*** Given records Section Begins ***

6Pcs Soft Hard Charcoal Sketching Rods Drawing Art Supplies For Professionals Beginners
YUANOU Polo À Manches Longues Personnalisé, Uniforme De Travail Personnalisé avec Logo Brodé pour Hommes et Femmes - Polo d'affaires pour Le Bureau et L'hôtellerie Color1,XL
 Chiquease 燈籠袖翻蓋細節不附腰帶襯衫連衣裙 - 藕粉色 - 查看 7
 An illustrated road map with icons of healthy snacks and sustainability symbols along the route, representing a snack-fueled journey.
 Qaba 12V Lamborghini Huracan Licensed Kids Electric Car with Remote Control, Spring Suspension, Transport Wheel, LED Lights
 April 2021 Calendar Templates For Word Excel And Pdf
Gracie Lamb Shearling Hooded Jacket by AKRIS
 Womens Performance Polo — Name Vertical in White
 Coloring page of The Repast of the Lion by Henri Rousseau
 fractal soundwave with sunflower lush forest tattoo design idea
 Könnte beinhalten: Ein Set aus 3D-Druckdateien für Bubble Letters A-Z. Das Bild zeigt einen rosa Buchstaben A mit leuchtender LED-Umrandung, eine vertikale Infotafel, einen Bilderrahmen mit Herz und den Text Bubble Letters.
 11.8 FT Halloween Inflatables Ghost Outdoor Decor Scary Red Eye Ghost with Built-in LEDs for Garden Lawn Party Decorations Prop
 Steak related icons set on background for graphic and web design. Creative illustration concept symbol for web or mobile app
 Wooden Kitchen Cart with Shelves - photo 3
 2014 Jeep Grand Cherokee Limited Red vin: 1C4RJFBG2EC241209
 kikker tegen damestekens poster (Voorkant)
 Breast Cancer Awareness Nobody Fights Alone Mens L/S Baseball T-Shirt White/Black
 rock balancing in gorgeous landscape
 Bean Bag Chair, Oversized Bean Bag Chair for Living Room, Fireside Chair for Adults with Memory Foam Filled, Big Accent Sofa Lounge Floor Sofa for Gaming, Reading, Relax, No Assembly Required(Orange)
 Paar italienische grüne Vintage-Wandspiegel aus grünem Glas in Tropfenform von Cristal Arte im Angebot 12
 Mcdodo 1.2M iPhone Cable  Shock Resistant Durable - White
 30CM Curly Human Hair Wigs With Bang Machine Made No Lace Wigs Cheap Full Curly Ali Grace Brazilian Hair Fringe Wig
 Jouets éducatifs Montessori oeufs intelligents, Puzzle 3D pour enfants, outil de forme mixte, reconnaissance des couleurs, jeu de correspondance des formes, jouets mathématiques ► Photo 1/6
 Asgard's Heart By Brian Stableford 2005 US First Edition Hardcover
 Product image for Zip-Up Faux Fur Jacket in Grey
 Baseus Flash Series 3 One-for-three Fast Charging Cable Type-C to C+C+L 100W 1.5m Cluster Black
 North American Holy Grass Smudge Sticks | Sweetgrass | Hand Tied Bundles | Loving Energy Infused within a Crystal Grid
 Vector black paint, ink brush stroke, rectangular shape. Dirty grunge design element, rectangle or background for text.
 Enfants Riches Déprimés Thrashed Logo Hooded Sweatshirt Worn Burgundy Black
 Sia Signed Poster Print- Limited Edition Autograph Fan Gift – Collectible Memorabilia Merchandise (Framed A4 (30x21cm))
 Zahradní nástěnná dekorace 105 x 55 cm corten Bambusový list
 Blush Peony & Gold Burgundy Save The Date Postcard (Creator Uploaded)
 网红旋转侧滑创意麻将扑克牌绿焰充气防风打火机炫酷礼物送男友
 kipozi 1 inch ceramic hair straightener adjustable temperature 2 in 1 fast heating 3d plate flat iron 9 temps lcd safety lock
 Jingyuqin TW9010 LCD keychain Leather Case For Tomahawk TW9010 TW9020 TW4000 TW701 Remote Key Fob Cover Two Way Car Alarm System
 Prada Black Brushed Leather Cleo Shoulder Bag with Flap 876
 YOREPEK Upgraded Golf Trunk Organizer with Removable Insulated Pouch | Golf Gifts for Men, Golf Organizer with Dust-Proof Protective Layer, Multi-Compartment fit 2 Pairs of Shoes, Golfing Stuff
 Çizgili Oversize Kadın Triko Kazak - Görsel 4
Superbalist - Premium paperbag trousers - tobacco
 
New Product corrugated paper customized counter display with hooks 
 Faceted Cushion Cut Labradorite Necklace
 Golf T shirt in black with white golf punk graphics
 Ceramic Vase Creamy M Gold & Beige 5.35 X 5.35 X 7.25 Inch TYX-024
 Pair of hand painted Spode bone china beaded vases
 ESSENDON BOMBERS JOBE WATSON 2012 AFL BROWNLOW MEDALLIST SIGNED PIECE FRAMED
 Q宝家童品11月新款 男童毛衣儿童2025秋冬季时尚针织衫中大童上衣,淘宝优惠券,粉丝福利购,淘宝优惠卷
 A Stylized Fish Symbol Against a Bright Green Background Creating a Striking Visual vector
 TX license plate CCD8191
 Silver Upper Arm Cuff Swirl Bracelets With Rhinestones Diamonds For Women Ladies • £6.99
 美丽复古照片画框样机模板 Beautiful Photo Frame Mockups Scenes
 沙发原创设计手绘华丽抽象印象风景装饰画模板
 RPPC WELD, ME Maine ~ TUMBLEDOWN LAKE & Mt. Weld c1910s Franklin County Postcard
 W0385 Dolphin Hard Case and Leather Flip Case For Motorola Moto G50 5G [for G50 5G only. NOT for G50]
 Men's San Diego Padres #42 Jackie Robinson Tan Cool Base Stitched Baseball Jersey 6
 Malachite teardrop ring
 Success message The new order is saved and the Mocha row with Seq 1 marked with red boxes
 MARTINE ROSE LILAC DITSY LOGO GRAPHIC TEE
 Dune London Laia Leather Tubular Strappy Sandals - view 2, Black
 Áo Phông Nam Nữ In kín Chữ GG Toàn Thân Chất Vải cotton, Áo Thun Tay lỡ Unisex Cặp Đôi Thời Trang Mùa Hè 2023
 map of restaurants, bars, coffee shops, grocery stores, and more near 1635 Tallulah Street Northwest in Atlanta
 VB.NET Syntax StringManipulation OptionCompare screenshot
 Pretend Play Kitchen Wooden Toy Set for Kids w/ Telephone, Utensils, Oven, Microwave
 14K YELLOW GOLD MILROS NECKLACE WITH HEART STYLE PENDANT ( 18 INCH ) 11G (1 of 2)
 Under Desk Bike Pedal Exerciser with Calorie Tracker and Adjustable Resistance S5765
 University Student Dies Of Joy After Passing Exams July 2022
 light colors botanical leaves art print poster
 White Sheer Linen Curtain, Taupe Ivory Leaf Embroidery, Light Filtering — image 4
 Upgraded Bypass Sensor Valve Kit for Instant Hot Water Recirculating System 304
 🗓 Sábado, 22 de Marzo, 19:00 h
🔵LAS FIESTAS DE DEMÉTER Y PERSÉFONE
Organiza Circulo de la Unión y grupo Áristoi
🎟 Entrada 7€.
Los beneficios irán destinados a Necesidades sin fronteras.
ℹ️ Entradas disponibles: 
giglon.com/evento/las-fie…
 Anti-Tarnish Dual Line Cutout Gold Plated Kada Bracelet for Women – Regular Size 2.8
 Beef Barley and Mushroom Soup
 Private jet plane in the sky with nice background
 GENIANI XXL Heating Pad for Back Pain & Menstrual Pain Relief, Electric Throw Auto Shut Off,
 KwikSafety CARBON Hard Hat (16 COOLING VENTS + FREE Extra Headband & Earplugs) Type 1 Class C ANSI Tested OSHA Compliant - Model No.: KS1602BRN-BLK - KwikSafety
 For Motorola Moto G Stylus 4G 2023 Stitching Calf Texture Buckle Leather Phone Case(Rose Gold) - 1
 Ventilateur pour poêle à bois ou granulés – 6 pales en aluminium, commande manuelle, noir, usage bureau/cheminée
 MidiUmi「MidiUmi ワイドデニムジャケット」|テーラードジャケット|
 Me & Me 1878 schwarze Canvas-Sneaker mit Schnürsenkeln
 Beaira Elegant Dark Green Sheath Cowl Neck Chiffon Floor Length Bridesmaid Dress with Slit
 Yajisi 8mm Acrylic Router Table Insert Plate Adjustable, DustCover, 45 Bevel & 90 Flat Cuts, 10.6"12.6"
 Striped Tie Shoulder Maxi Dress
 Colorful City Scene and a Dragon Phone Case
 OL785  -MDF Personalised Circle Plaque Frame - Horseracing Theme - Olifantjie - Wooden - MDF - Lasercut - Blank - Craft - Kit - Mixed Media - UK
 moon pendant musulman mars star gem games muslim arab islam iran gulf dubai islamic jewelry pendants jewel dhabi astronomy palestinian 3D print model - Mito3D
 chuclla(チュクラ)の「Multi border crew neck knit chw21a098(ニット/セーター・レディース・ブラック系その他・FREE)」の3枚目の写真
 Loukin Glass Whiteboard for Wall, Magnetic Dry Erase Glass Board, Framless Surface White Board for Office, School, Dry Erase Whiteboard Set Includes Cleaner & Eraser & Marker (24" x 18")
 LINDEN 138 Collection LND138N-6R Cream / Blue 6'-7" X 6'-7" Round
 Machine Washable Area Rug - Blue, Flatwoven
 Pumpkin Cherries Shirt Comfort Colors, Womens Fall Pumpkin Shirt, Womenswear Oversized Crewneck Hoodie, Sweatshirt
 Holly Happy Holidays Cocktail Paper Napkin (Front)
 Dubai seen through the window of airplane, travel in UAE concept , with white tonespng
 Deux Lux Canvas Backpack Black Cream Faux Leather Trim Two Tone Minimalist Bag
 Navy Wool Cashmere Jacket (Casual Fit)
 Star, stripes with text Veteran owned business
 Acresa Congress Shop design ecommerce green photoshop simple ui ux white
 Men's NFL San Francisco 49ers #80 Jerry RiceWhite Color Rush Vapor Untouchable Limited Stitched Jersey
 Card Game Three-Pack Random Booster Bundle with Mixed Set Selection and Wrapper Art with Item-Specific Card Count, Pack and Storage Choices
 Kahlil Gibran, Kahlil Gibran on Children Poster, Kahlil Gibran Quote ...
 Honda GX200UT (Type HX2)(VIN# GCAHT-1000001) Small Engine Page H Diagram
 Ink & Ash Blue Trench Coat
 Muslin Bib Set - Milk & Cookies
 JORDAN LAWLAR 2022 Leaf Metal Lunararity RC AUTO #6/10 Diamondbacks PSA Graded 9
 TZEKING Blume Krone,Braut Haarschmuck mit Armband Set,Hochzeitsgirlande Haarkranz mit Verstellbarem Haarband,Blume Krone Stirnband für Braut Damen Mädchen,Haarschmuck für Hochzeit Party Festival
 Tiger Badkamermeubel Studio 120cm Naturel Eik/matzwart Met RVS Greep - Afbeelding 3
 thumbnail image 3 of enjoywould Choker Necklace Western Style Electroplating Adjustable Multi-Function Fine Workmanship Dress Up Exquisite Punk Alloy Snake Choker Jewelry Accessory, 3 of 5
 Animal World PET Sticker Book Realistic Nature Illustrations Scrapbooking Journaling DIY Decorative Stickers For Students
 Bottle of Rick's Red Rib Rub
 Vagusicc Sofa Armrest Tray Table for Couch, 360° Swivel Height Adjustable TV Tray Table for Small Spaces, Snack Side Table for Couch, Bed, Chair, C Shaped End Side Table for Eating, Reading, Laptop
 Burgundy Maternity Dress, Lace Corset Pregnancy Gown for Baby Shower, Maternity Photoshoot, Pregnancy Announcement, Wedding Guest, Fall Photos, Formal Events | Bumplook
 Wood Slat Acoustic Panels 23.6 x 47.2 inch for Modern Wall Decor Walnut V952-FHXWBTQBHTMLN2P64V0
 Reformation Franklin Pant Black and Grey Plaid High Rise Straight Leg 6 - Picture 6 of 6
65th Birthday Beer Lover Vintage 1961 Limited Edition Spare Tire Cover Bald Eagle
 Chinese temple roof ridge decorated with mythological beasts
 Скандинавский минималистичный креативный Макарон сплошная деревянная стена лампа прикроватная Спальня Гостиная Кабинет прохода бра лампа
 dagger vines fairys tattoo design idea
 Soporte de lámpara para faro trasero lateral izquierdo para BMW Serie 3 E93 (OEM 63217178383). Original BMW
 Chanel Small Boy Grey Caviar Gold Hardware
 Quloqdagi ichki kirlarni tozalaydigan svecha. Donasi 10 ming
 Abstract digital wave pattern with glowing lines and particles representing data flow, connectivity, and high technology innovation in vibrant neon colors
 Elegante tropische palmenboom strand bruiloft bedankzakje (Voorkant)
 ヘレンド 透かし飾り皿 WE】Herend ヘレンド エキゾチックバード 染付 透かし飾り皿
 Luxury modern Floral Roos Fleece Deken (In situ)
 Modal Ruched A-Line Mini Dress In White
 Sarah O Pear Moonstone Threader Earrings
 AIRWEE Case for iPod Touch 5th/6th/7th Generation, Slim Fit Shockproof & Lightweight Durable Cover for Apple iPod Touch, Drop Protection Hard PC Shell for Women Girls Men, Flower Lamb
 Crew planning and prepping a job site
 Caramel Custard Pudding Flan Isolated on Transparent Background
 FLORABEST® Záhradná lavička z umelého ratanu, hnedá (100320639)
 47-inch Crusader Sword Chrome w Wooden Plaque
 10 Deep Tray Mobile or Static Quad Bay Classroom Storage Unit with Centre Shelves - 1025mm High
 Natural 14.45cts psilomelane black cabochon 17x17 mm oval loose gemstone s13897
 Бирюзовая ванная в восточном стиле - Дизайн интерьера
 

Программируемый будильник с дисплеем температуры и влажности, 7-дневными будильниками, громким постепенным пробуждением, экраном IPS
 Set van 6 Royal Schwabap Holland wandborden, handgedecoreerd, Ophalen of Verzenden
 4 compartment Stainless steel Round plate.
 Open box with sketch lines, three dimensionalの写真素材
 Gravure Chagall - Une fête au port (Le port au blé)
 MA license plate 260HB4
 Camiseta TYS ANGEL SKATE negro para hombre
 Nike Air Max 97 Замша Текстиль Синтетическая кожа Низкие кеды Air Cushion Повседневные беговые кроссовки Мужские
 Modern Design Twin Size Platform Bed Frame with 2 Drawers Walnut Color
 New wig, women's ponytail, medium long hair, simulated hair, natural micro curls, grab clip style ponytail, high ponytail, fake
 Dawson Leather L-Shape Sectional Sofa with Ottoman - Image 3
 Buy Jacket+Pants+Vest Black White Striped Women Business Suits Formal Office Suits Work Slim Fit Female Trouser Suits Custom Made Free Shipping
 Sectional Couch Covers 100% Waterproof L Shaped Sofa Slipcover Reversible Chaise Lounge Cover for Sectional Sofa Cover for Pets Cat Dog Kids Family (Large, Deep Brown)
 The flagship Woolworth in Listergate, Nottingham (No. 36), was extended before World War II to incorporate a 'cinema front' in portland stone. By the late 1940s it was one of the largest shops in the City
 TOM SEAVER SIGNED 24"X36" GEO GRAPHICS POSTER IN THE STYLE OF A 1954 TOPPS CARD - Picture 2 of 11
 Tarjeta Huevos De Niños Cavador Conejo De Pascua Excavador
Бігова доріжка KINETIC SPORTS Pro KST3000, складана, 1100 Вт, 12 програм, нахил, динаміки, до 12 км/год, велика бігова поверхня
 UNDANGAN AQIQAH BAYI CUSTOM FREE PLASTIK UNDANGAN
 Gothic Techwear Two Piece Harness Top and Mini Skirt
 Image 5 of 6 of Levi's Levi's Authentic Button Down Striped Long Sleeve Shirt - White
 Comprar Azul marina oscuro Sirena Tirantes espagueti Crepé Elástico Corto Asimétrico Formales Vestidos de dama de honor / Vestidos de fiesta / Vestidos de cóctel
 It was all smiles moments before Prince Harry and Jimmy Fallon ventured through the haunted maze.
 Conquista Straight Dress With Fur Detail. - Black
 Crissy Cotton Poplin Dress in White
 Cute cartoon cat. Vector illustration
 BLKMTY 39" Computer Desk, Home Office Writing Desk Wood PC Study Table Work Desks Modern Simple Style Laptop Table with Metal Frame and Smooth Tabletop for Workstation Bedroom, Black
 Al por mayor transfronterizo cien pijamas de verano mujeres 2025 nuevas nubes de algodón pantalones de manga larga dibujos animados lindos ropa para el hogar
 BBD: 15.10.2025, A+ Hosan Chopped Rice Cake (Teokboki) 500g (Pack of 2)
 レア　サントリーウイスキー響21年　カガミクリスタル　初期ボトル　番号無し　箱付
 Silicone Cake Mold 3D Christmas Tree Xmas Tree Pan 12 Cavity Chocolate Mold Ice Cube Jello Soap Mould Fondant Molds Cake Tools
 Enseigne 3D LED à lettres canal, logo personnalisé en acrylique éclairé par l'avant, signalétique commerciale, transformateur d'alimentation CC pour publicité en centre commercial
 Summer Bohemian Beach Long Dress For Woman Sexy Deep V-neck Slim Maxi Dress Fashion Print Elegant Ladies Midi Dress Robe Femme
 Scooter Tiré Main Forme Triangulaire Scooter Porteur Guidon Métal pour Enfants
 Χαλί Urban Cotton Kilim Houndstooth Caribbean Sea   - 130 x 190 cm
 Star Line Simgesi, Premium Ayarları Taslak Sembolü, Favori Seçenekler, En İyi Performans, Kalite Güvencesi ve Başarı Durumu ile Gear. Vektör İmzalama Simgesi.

*** Given records Section Ends ***

• [Task requirements] Only the lines above starting at the one containing "Buy Jacket+Pants+Vest Black" and ending at the one containing "BBD: 15.10.2025, A+", both included, are to be returned, exactly as they read.

• [Reply to the task]
 Buy Jacket+Pants+Vest Black White Striped Women Business Suits Formal Office Suits Work Slim Fit Female Trouser Suits Custom Made Free Shipping
 Sectional Couch Covers 100% Waterproof L Shaped Sofa Slipcover Reversible Chaise Lounge Cover for Sectional Sofa Cover for Pets Cat Dog Kids Family (Large, Deep Brown)
 The flagship Woolworth in Listergate, Nottingham (No. 36), was extended before World War II to incorporate a 'cinema front' in portland stone. By the late 1940s it was one of the largest shops in the City
 TOM SEAVER SIGNED 24"X36" GEO GRAPHICS POSTER IN THE STYLE OF A 1954 TOPPS CARD - Picture 2 of 11
 Tarjeta Huevos De Niños Cavador Conejo De Pascua Excavador
Бігова доріжка KINETIC SPORTS Pro KST3000, складана, 1100 Вт, 12 програм, нахил, динаміки, до 12 км/год, велика бігова поверхня
 UNDANGAN AQIQAH BAYI CUSTOM FREE PLASTIK UNDANGAN
 Gothic Techwear Two Piece Harness Top and Mini Skirt
 Image 5 of 6 of Levi's Levi's Authentic Button Down Striped Long Sleeve Shirt - White
 Comprar Azul marina oscuro Sirena Tirantes espagueti Crepé Elástico Corto Asimétrico Formales Vestidos de dama de honor / Vestidos de fiesta / Vestidos de cóctel
 It was all smiles moments before Prince Harry and Jimmy Fallon ventured through the haunted maze.
 Conquista Straight Dress With Fur Detail. - Black
 Crissy Cotton Poplin Dress in White
 Cute cartoon cat. Vector illustration
 BLKMTY 39" Computer Desk, Home Office Writing Desk Wood PC Study Table Work Desks Modern Simple Style Laptop Table with Metal Frame and Smooth Tabletop for Workstation Bedroom, Black
 Al por mayor transfronterizo cien pijamas de verano mujeres 2025 nuevas nubes de algodón pantalones de manga larga dibujos animados lindos ropa para el hogar
 BBD: 15.10.2025, A+ Hosan Chopped Rice Cake (Teokboki) 500g (Pack of 2)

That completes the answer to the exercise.